Data records
════════════════
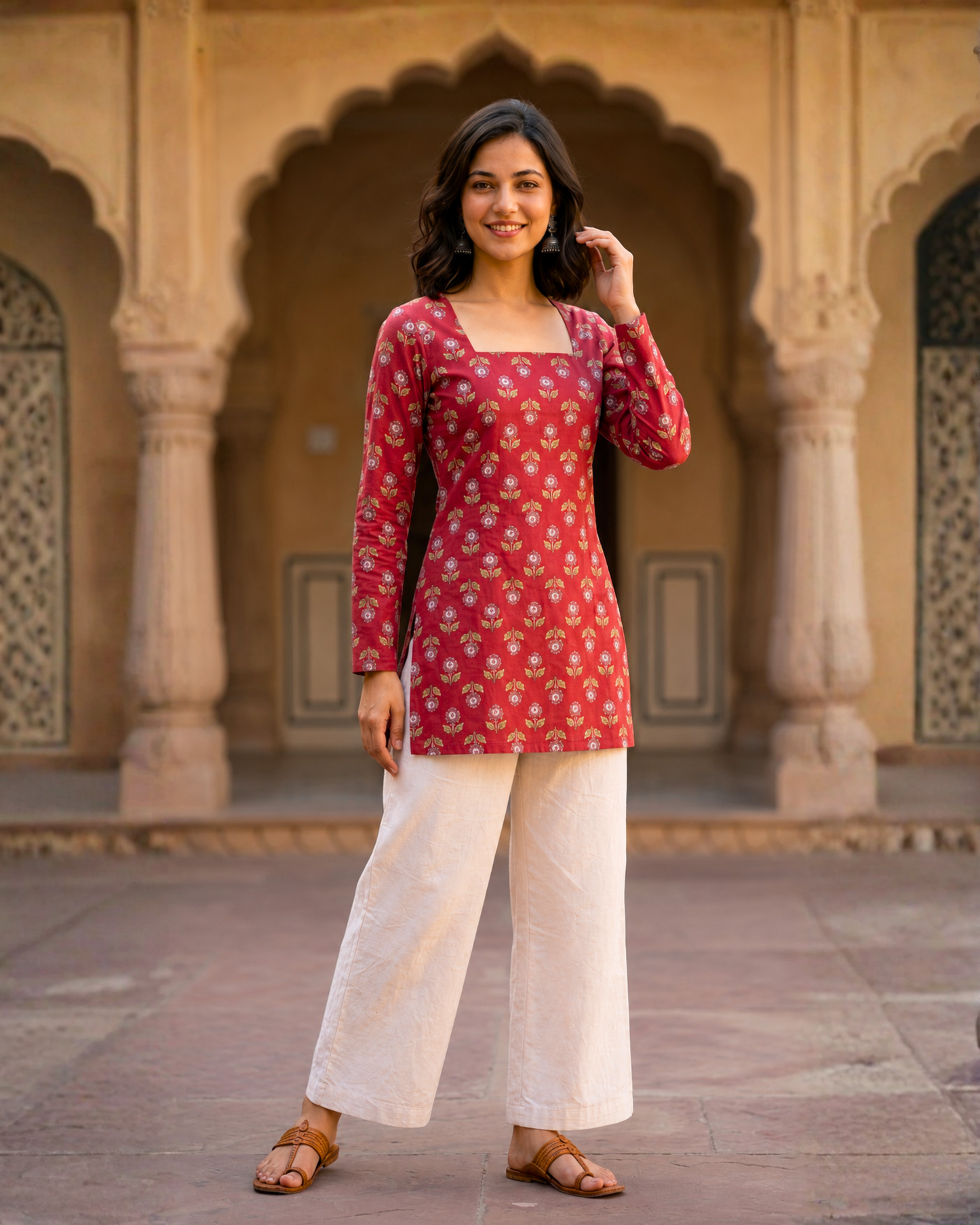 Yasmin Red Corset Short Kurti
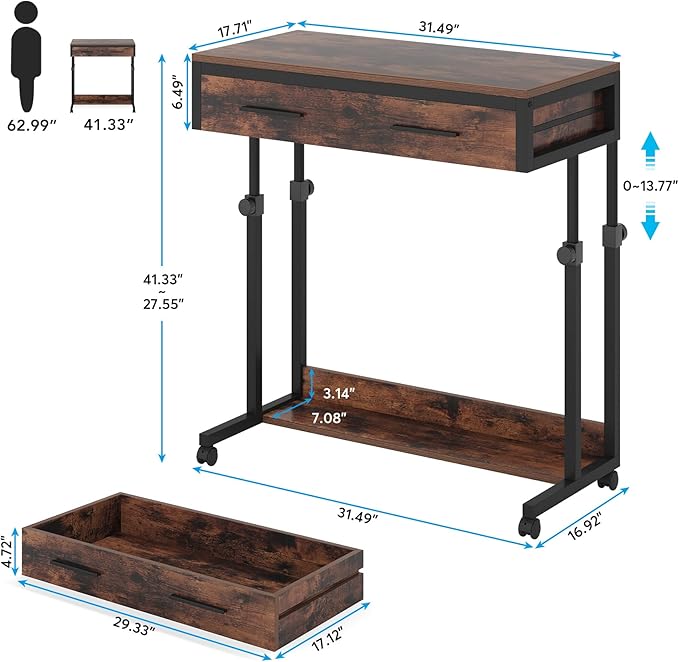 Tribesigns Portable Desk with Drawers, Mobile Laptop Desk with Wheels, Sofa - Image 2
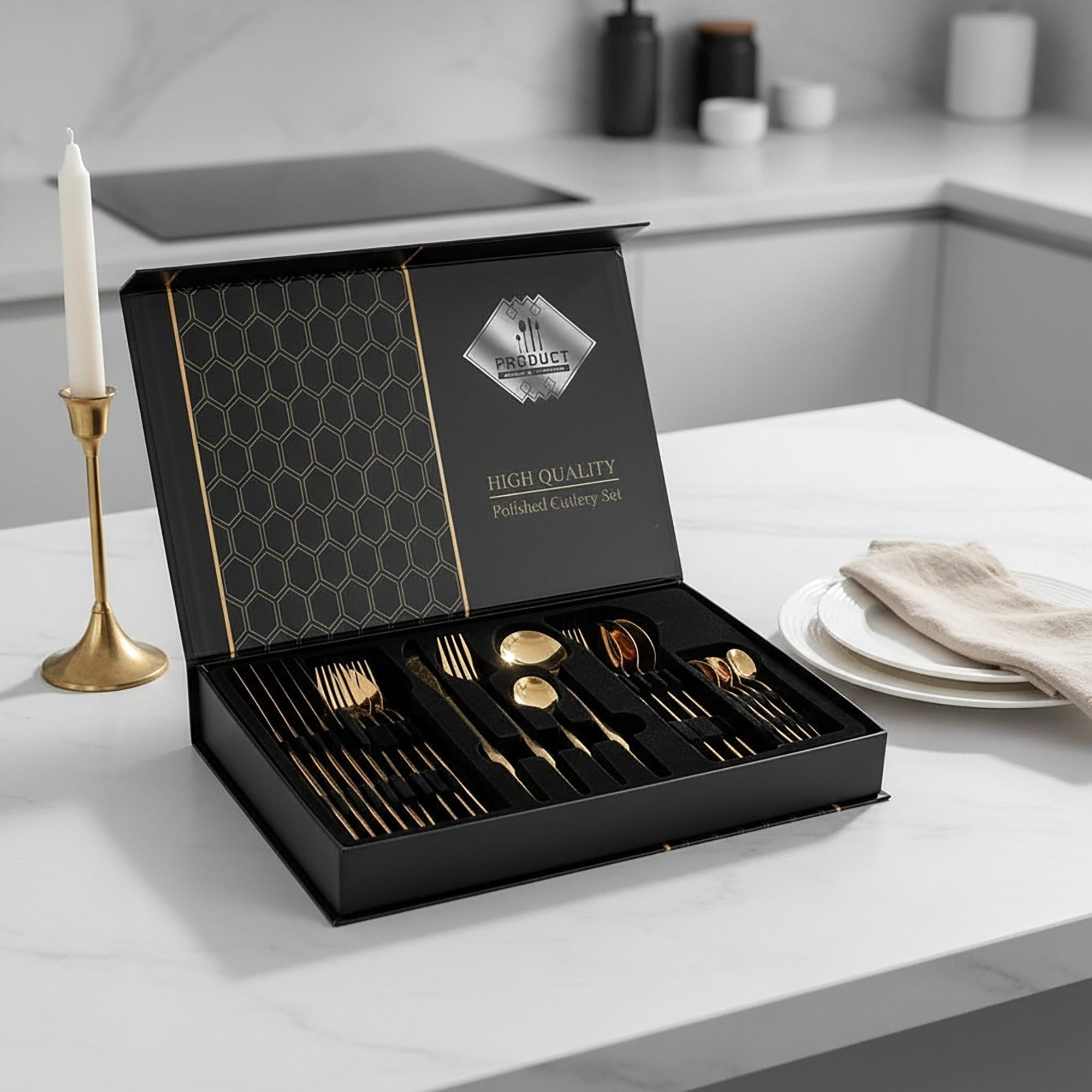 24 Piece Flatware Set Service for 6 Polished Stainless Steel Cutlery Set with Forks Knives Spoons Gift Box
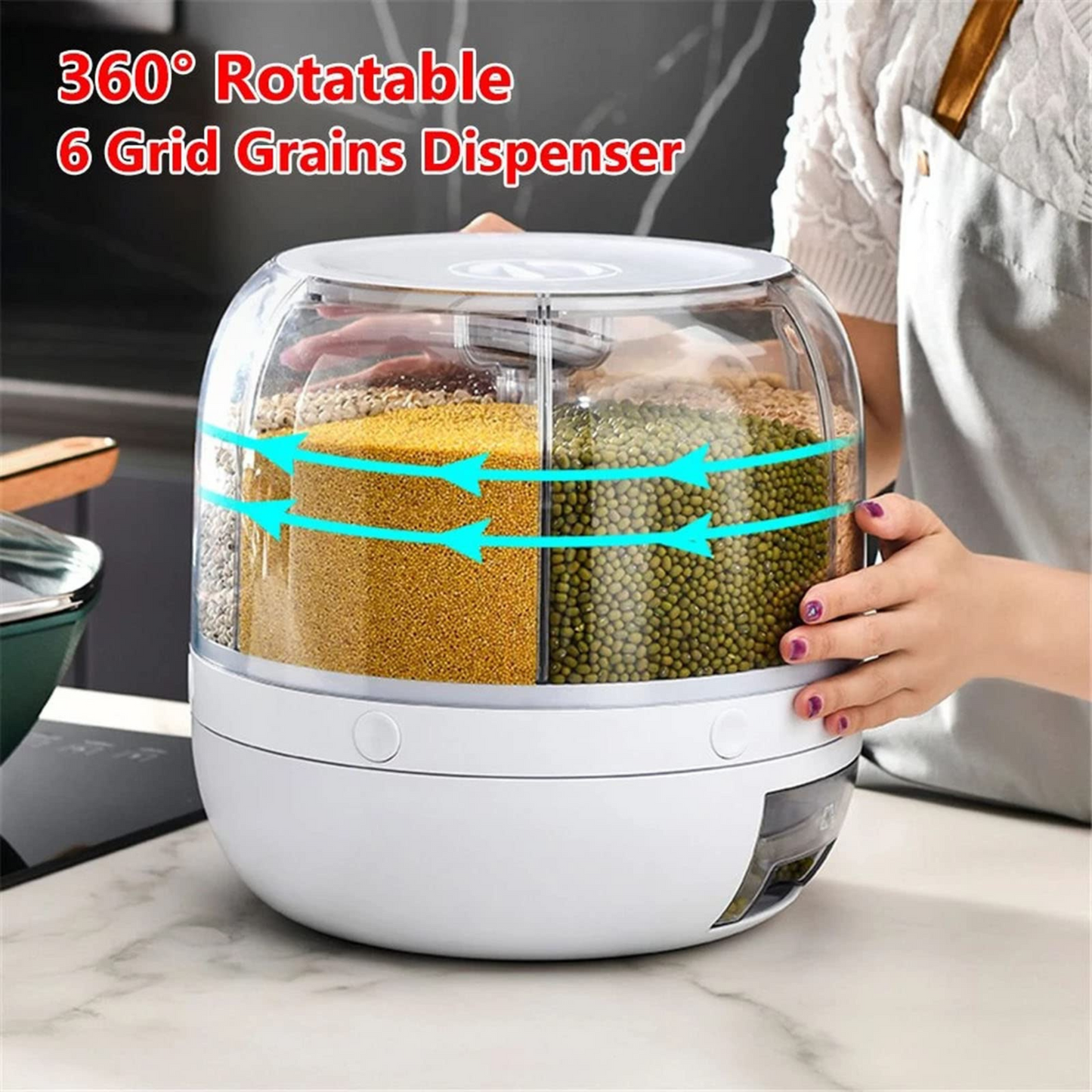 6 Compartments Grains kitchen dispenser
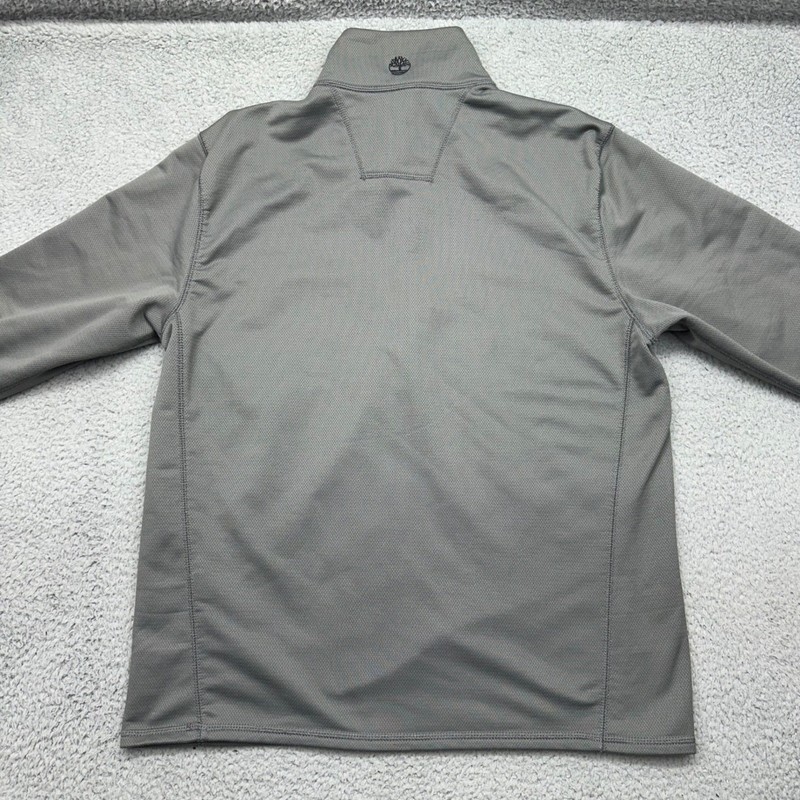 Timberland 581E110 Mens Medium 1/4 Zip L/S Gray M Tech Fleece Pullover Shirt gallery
════════════════
▶ [To do]: Beginning with the line that contains "6 Compartments Grains kitchen dispenser" and ending with the last line of the entries above, repeat each line exactly, but not the pictures.

▶ [Task output]:
 6 Compartments Grains kitchen dispenser
 Timberland 581E110 Mens Medium 1/4 Zip L/S Gray M Tech Fleece Pullover Shirt gallery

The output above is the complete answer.